To obtain a whole picture of RoSE’s effectiveness, we compare the performance of RoSE with baselines’ in terms of short term prediction, long term prediction and generalization. Comparison results on three benchmark datasets are shown in Table 1. Short Term Prediction. There are two main observations. (1) Compared with the general recommender, the sps improvement of sequential recommender is over one time on both MovieLens and Amazon Movies. (2) RoSE has a significant improvement in three datasets and shows its remarkable performance in short-term recommendation. For example, RoSE outperforms the best baseline method UKNN by \(24.9\%\) on Tmall and \(100\%\) on Amazon Movies. Both observations indicate that our model obtains better sequence embedding that makes the prediction results better. Long Term Prediction. We observe that UKNN seems to be the best baseline in terms of recall, precision, F1-measure and ndcg. RoSE performs the best among all the baselines on three datasets. For example, the F1-measure and NDCG improvements on Tmall are \(30.2\%\) and \(28.5\%\) compared with RNN. Generally, RoSE achieves an excellent performance in long term prediction. Generalization. We conclude the following two points. (1) We can see that the user coverage of RoSE outperforms the best baseline on Tmall by \(4.3\%\) and similar results are obtained on MovieLens. (2) However, things are different on Amazon Movies, and UKNN achieves better performance than RoSE. The reason may lies in that we use the sample of Amazon Movies with uniform distribution and the cosine distance used for uniform data has strong capacity to represent the global interests. For most datasets, the generalization performance of RoSE achieves the best.

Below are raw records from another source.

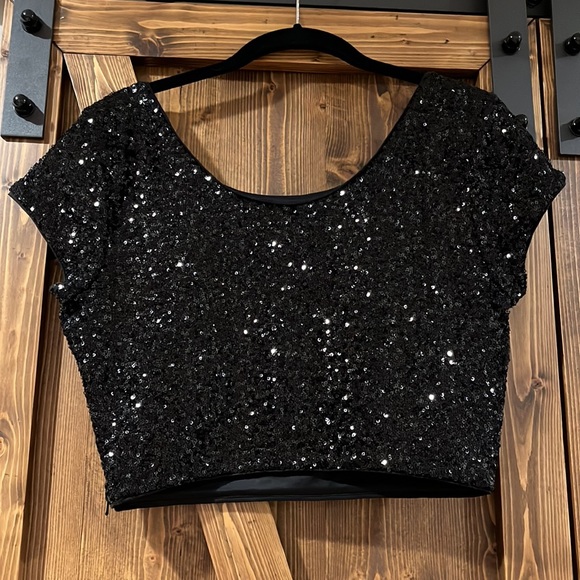 NWT Express Black Sequin Short Sleeve Crop Top - Picture 2 of 7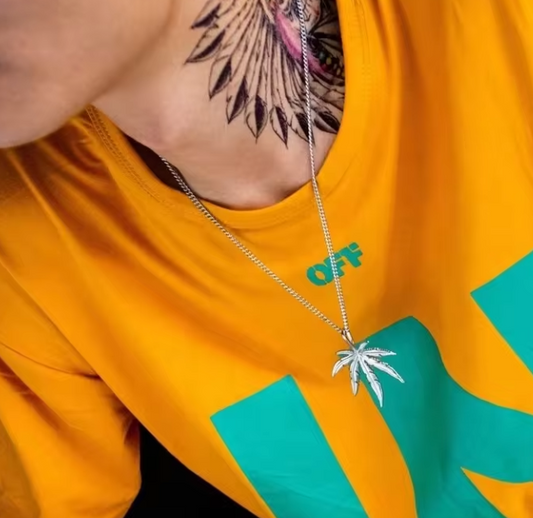 Collier argenté avec pendentif feuille de cannabis et chaîne fine à maillons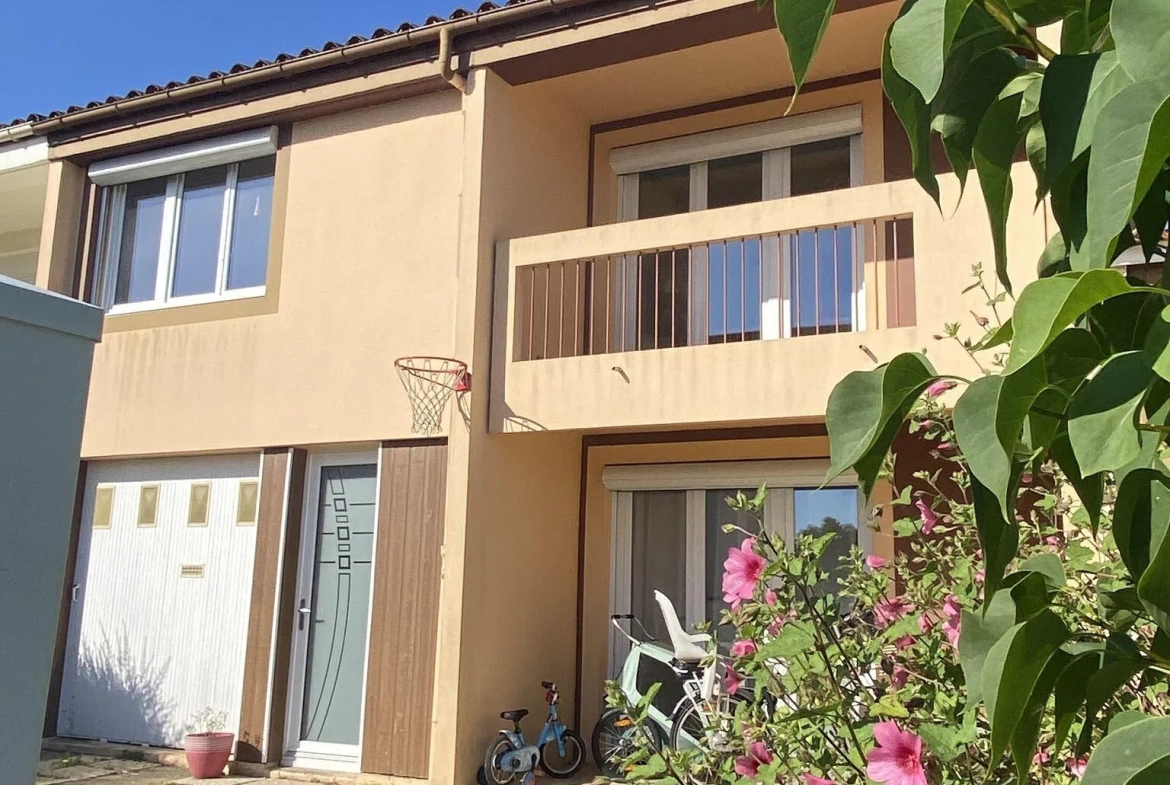 Maison spacieuse avec jardin à La Roche-sur-Yon - Calme et proximité commodités 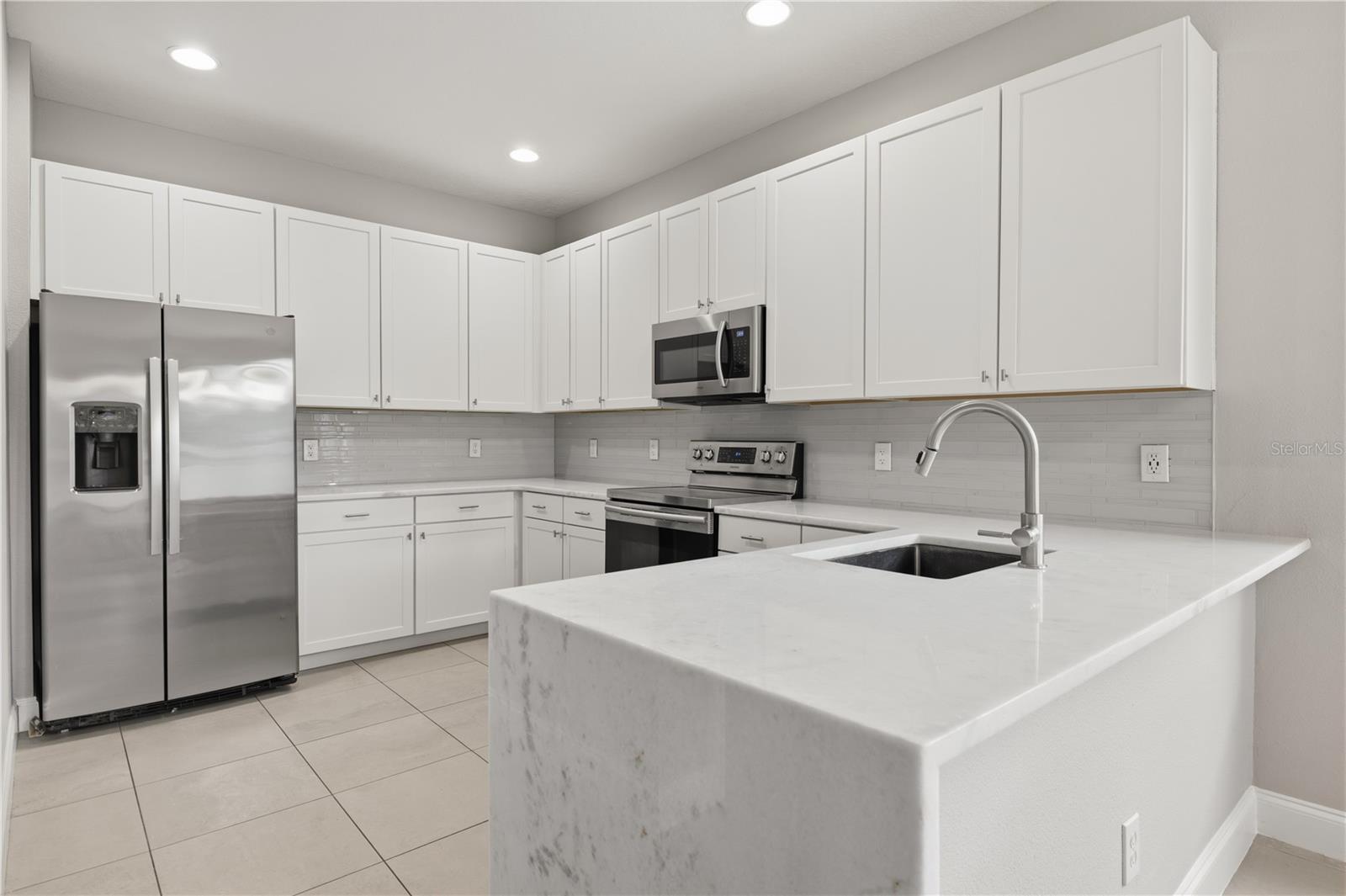 1526 Equinox Cir Property Photo 11
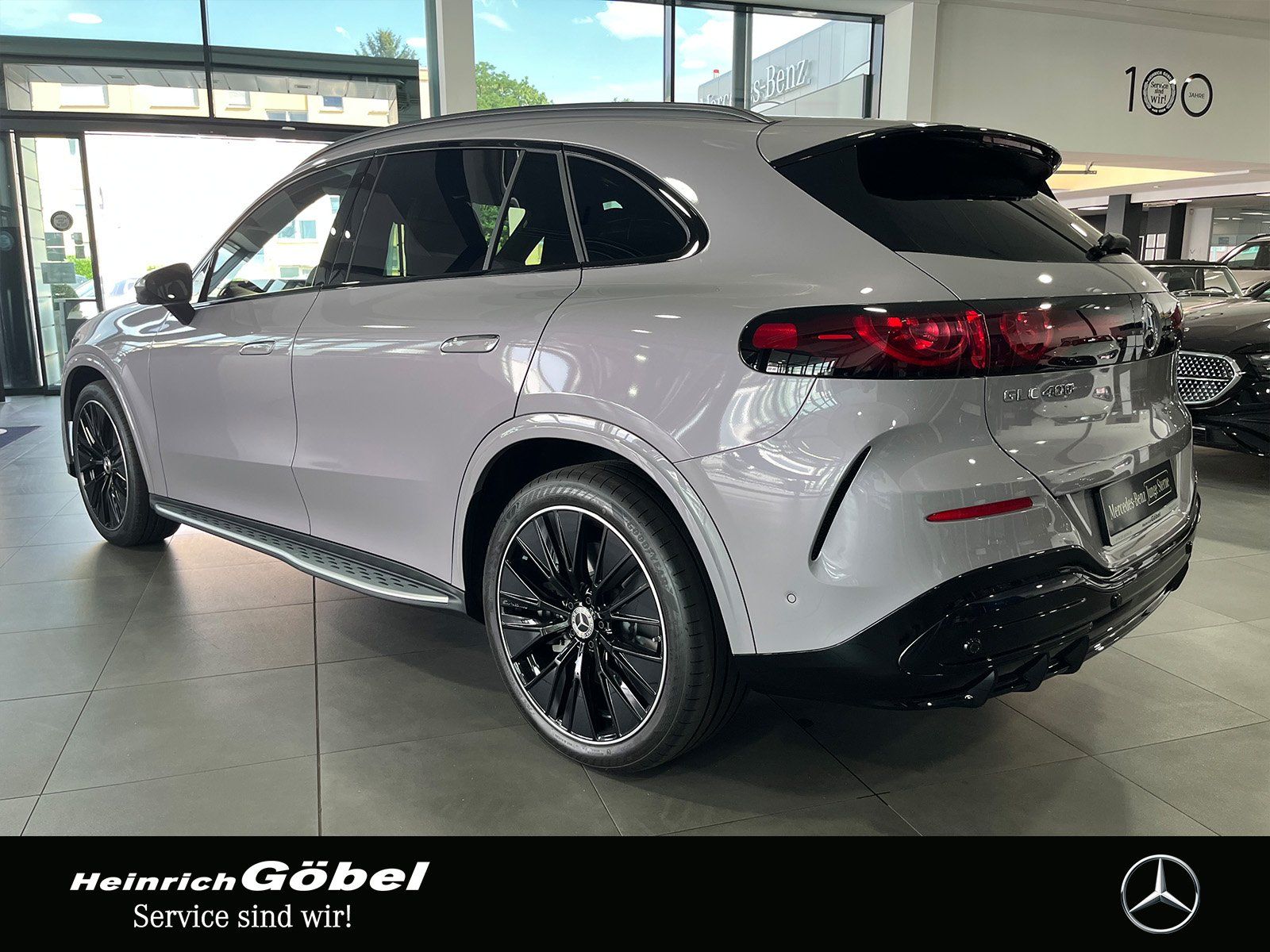 Fahrzeugabbildung Mercedes-Benz GLC 400 4M EQ AMG+PANO+HYPERSCREEN+BURMESTER
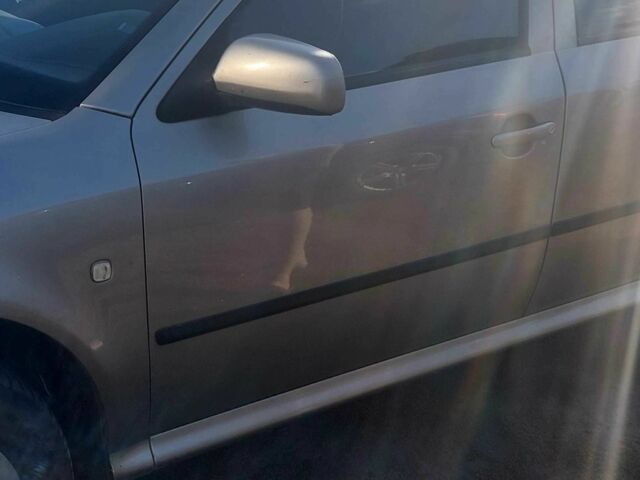 Шкода Октавия 2006 в Полтаве на Automoto.ua Бежевый Шкода Октавия, объемом двигателя 1.6 л и пробегом 209 тыс. км за 5200 $, фото 4 на Automoto.ua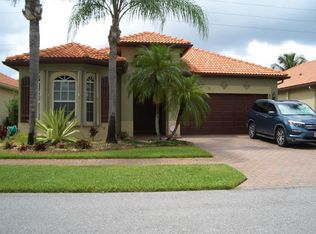 8013 Saw Palmetto Ln, Boynton Beach, FL 33436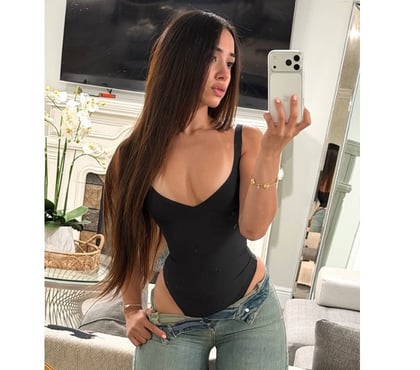 Photos for Sweet Brazilian ✨ 19yo ✨ Maya ✨ Party Girl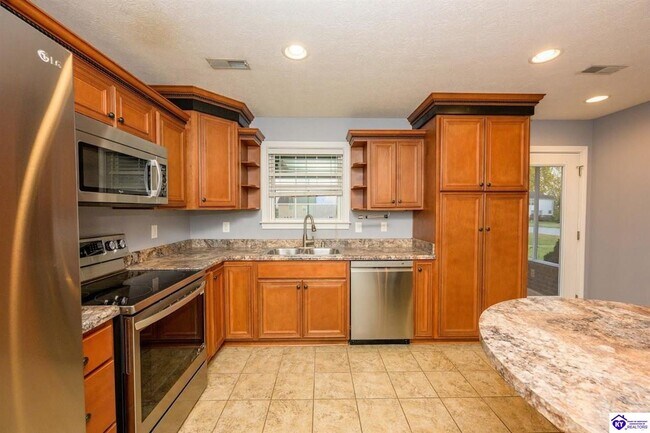 Building Photo - 100 Radford Ct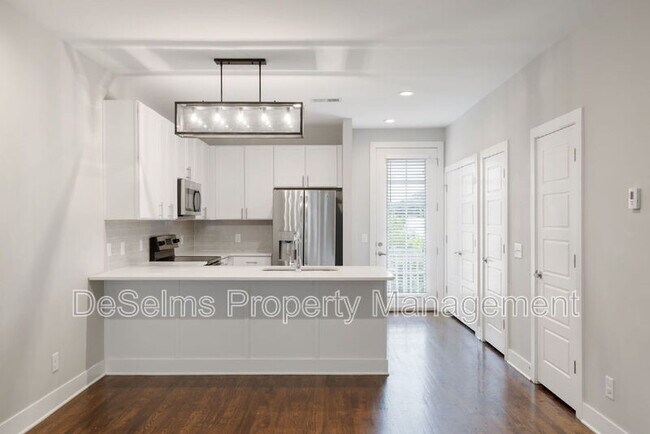 Building Photo - 214 Porter Village Cir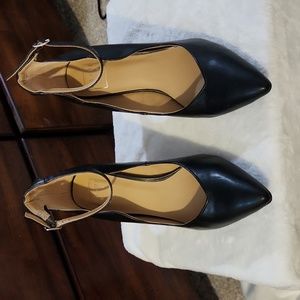 Black high heels..Kaari Blue Size 7.5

In general, all these observations from Table 1 show RoSE achieves highly superiority on three datasets especially for sps. Meanwhile, these results conform that the learned sequence representations are more discriminative to help separate the predicted items better, which lead to the performance increase in terms of short term and long term prediction.

6 Conclusion

In this paper, we first investigate how sequence representations change with the item imbalance. With the advent of item imbalance, sequence embeddings from minority classes will be mixed together. To solve this problem, we propose a robust representation learning framework RoSE which is composed of balanced k-plet sampling strategy and triplet constrained RNN. We generate a balanced mini-batch through balanced k-plet sampling strategy and define a triplet constrain. The triplet constrains are introduced as an auxiliary task and multi-task framework make representations with better distribution. Experimental results on three benchmark datasets show that our model outperforms baselines against the item imbalance problem.